» **Instructions to follow**: If a record below holds a picture, drop the picture and copy everything else exactly.

» **Exercise data**:

========

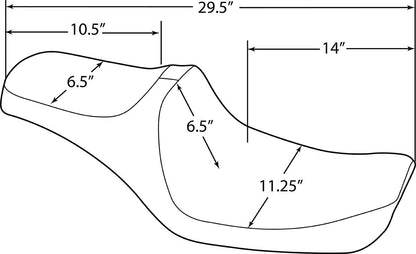 DRAG SPECIALTIES SEATS SEAT PREDATOR III SMOOTH 0803-0651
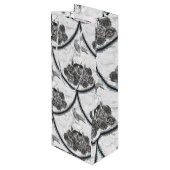 Skulls and Crows Wine Gift Bag Wijn Cadeautas (Achterkant Gekanteld)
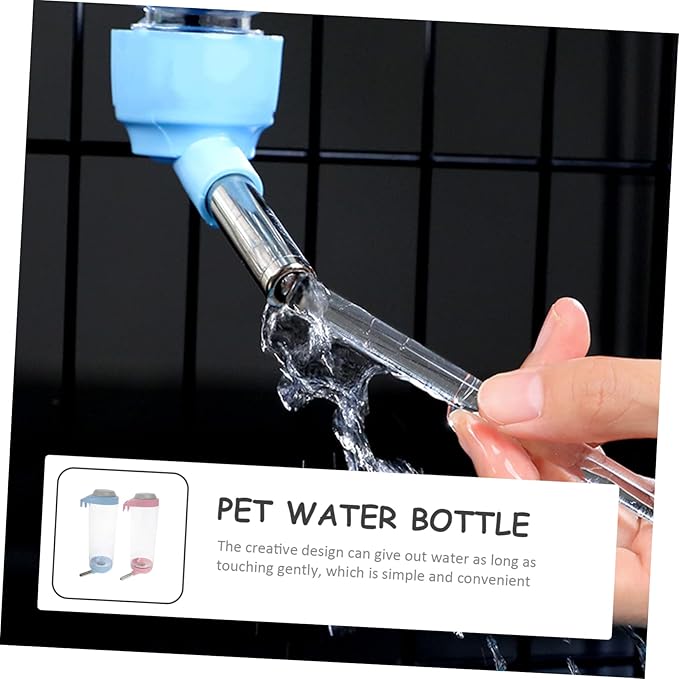 Toyvian 2PCS Automatic PET Water Feeder Automatic Ball Design Dog Water Dispenser Cat and Small Animal Bottle Stand for Rabbits and Pets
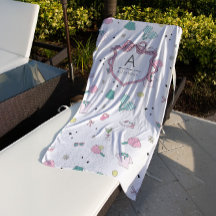 Preppy Pink Monogram Pickleball Gift for Her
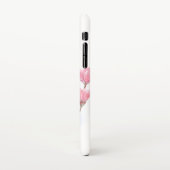 Wasserfarbene Vögel in Magnolienbaum mit Namen iPhone Hülle (Linke Seite)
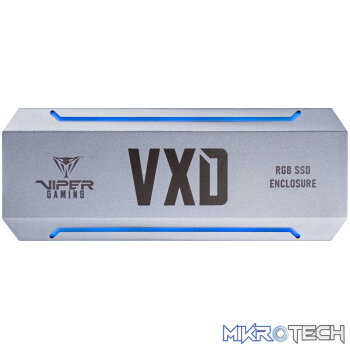 Patriot VXD M.2 PCIe RGB SSD Enclosure - Silver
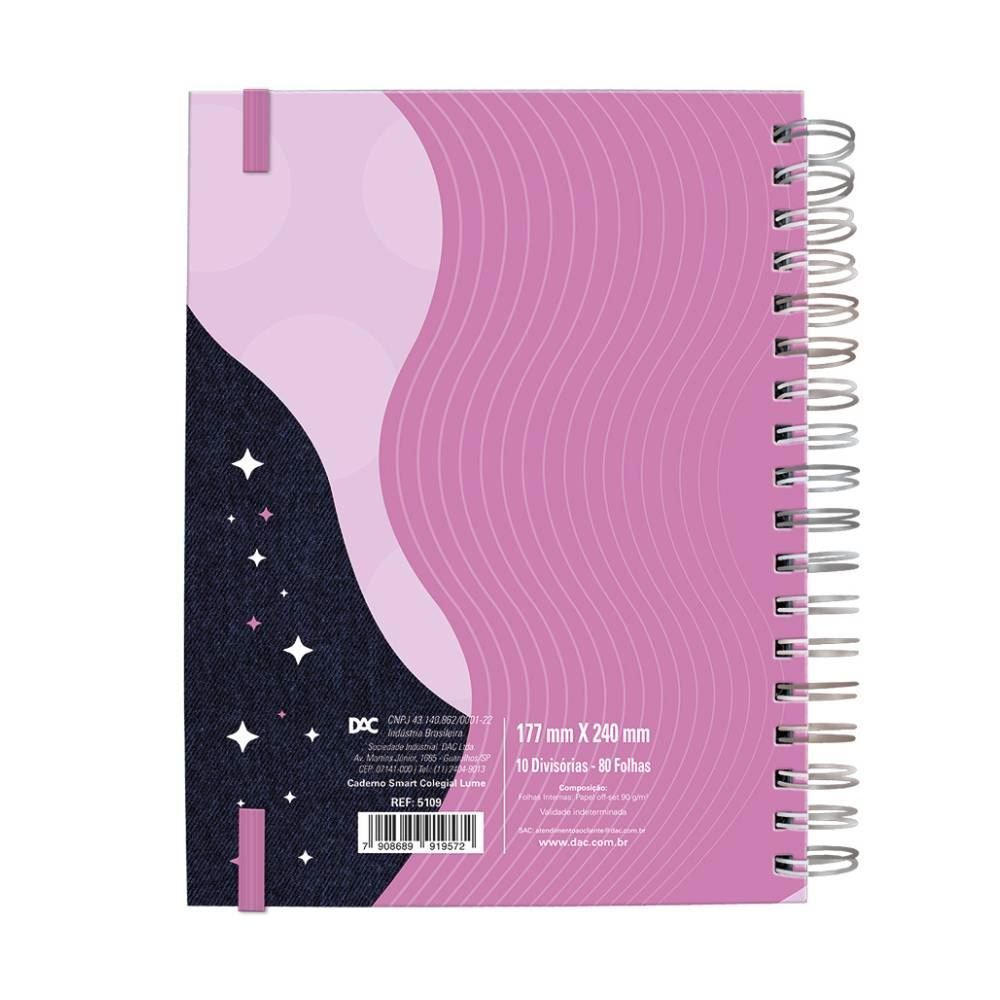 Caderno Smart College Lume 80 Folhas Dac - 5109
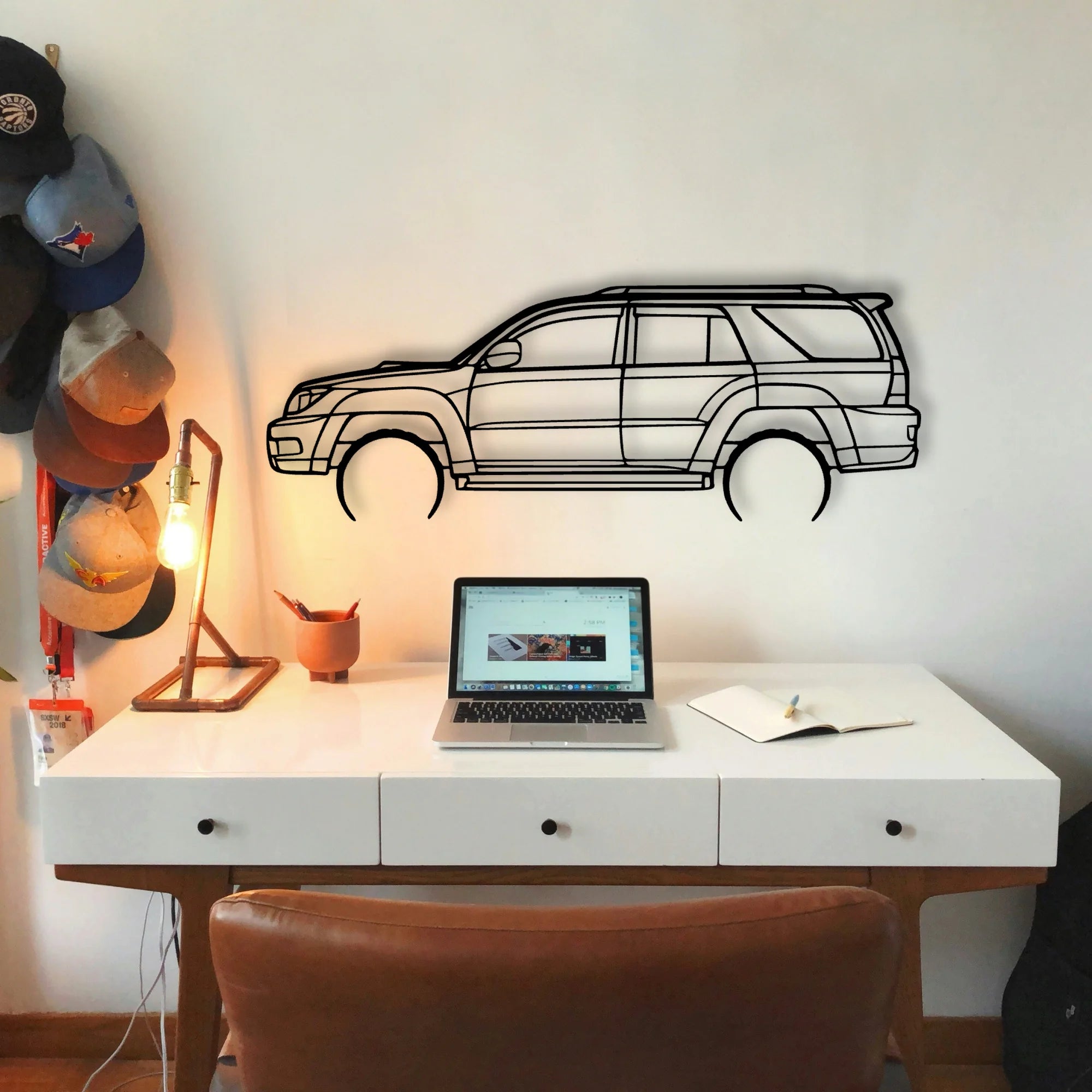 4Runner 2003 Classic Silhouette Metal Wall Art - Tinvibe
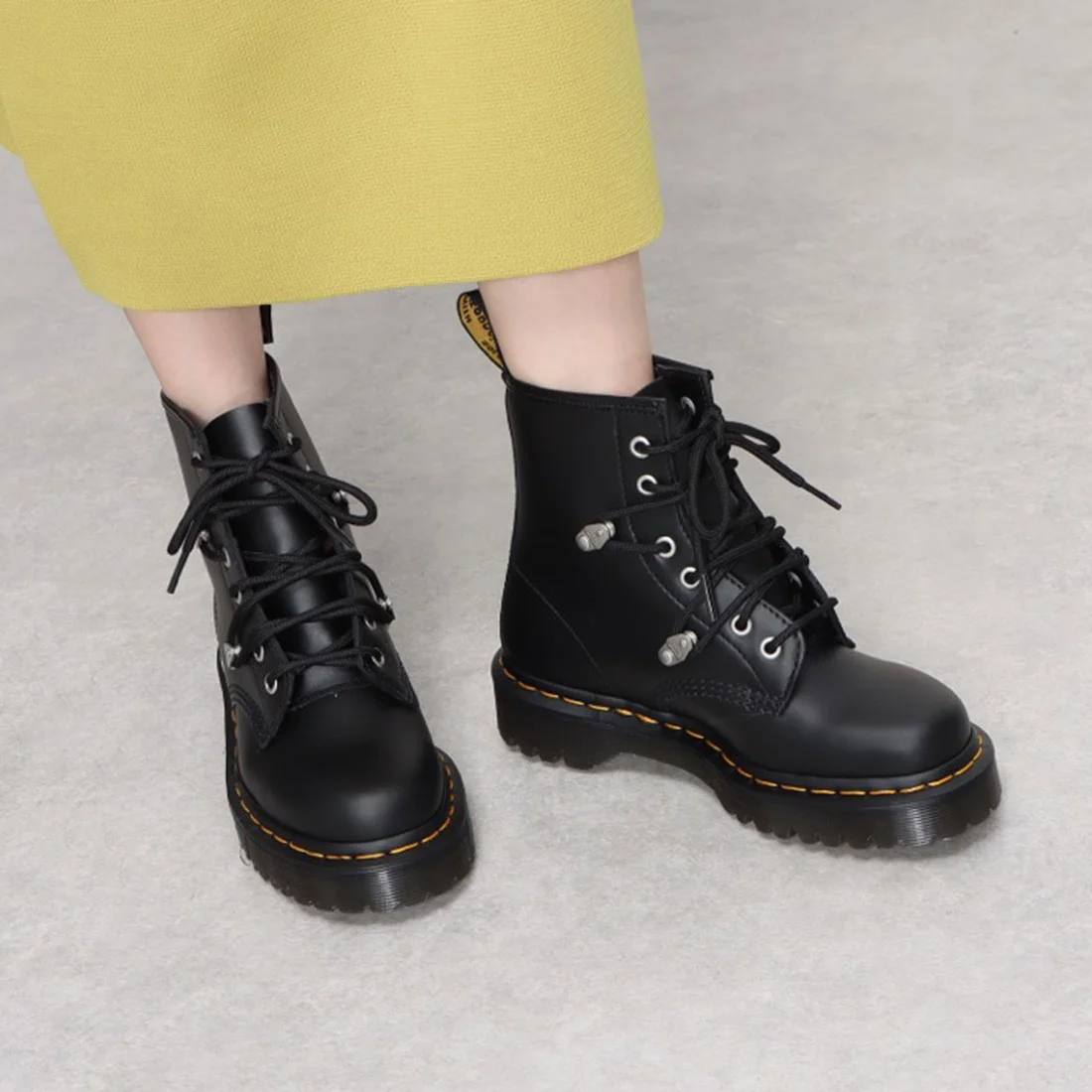 Giày Dr.Martens 1460 Bex Stud Leather Lace Up 'Black' 26959001 - Ảnh 5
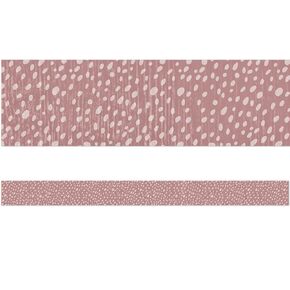 Teacher Created Resources Classroom Cottage Vintage Rose Dots Straight Border Trim (TCR7181)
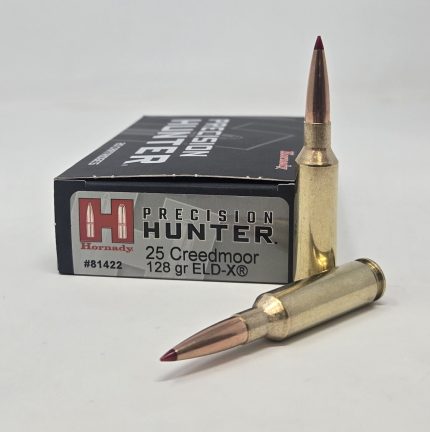 Hornady 25 Creedmoor Ammunition Precision Hunter H81422 128 Grain ELD-X 20 Rounds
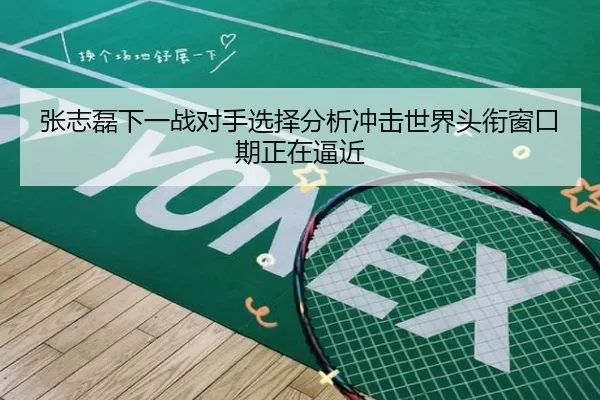 张志磊下一战对手选择分析冲击世界头衔窗口期正在逼近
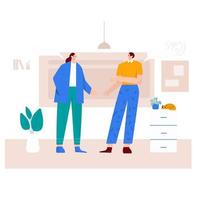 talking flat illustration vector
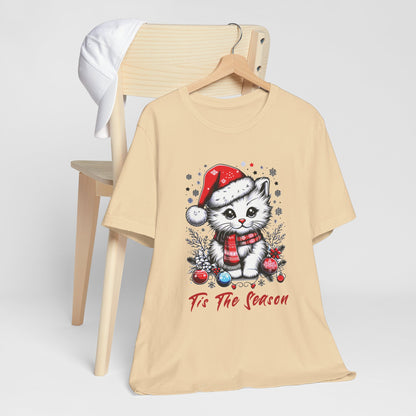 Festive Feline Christmas T-Shirt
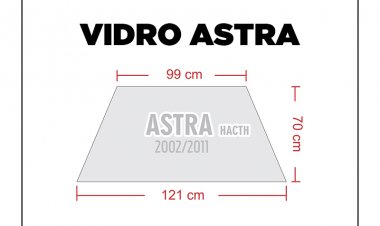 Medida vidro ASTRA Hatch – Medida Vidro Traseiro (Adesivo Perfurado) – Parabrisa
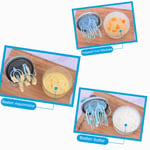 (Blue) Hand Mixer Blender Multifunctional Manual Egg Made Of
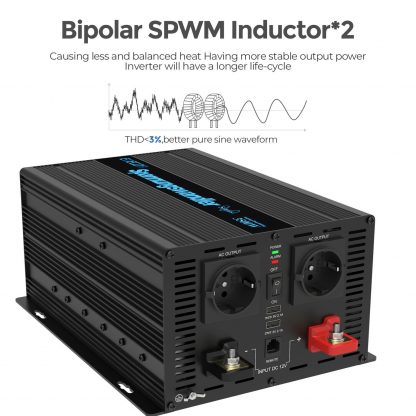 12V / 230V / 3500w invertteri puhdas siniaalto - Image 2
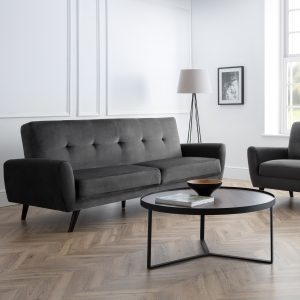 Monza 2 Seater In Dark Grey Velvet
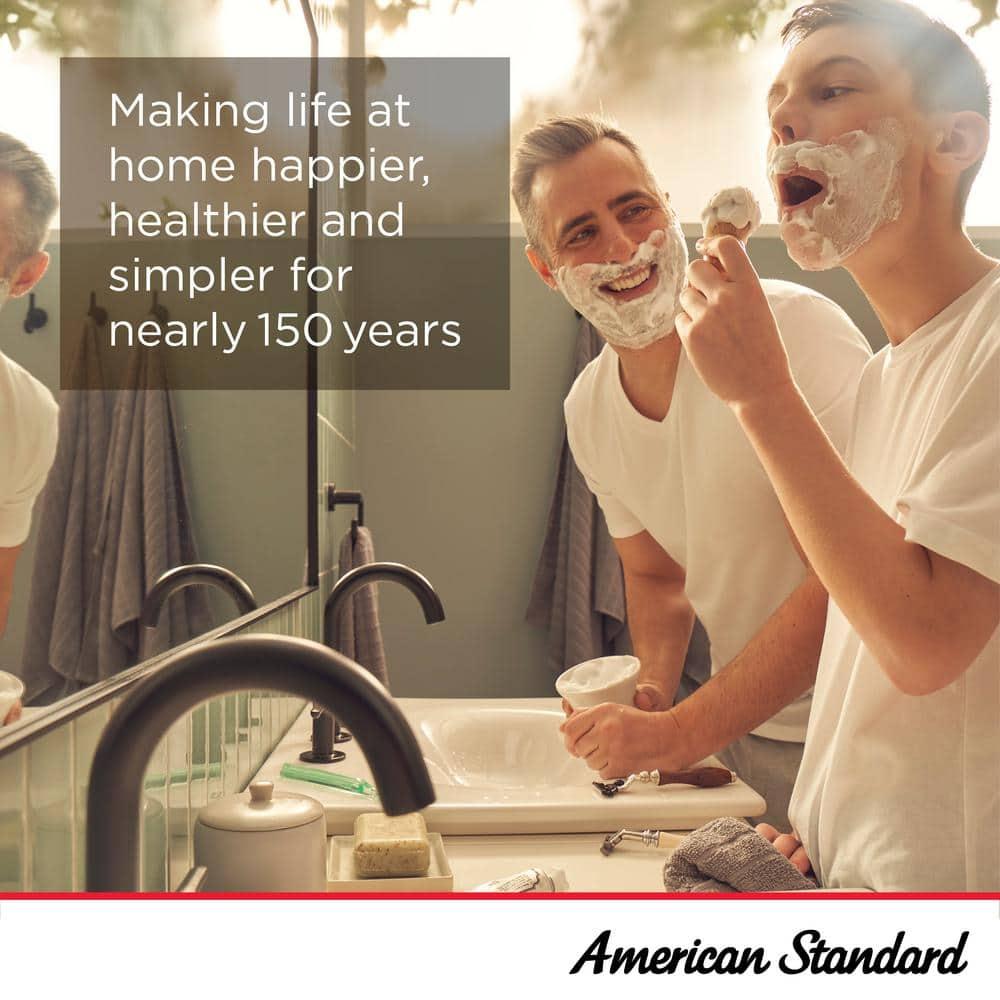 American Standard Exposed Yoke Wall-Mount Utility Faucet with Metal Lever Handles in Polished Chrome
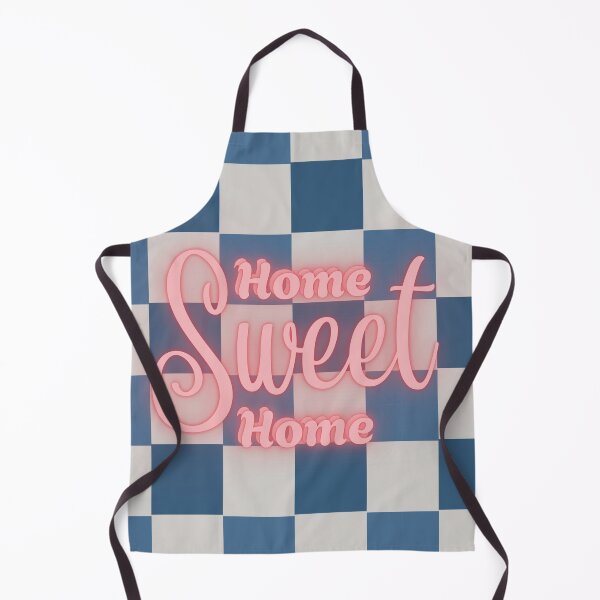 Item preview, Home Sweet Home check neon designed and sold by Tatiana Ribeiro.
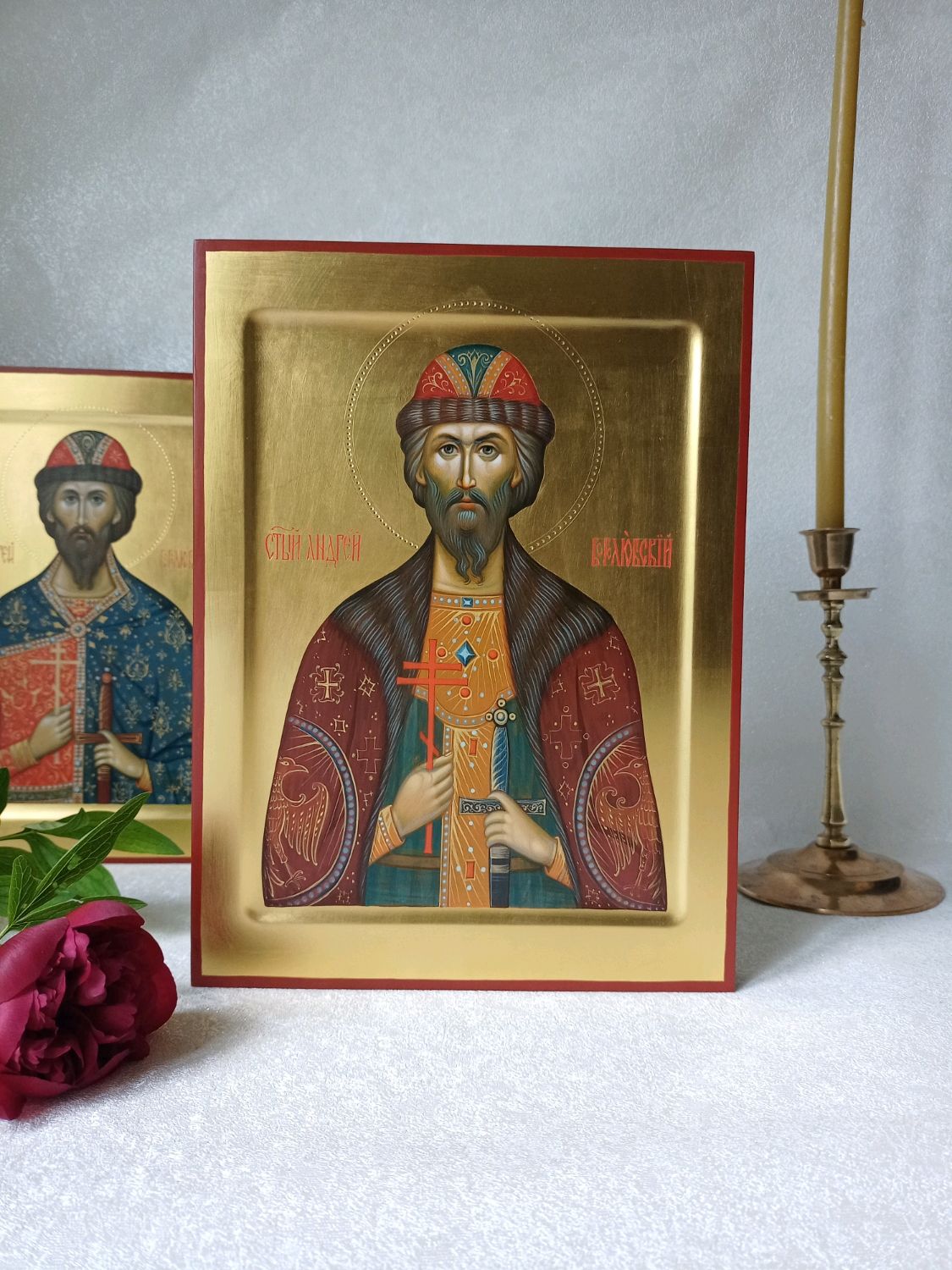 Икона святого Андрея Боголюбского в интернет-магазине Ярмарка Мастеров ...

========

» **Output of the task**:
 DRAG SPECIALTIES SEATS SEAT PREDATOR III SMOOTH 0803-0651
 Skulls and Crows Wine Gift Bag Wijn Cadeautas (Achterkant Gekanteld)
 Toyvian 2PCS Automatic PET Water Feeder Automatic Ball Design Dog Water Dispenser Cat and Small Animal Bottle Stand for Rabbits and Pets
 Preppy Pink Monogram Pickleball Gift for Her
 Wasserfarbene Vögel in Magnolienbaum mit Namen iPhone Hülle (Linke Seite)
 Patriot VXD M.2 PCIe RGB SSD Enclosure - Silver
 Caderno Smart College Lume 80 Folhas Dac - 5109
 4Runner 2003 Classic Silhouette Metal Wall Art - Tinvibe
 Giày Dr.Martens 1460 Bex Stud Leather Lace Up 'Black' 26959001 - Ảnh 5
 Teacher Created Resources Classroom Cottage Vintage Rose Dots Straight Border Trim (TCR7181)
 Hornady 25 Creedmoor Ammunition Precision Hunter H81422 128 Grain ELD-X 20 Rounds
 张志磊下一战对手选择分析冲击世界头衔窗口期正在逼近
 talking flat illustration vector
 Festive Feline Christmas T-Shirt
 Medida vidro ASTRA Hatch – Medida Vidro Traseiro (Adesivo Perfurado) – Parabrisa
 (Blue) Hand Mixer Blender Multifunctional Manual Egg Made Of
 12V / 230V / 3500w invertteri puhdas siniaalto - Image 2
 Monza 2 Seater In Dark Grey Velvet
 American Standard Exposed Yoke Wall-Mount Utility Faucet with Metal Lever Handles in Polished Chrome
 Item preview, Home Sweet Home check neon designed and sold by Tatiana Ribeiro.
 Икона святого Андрея Боголюбского в интернет-магазине Ярмарка Мастеров ...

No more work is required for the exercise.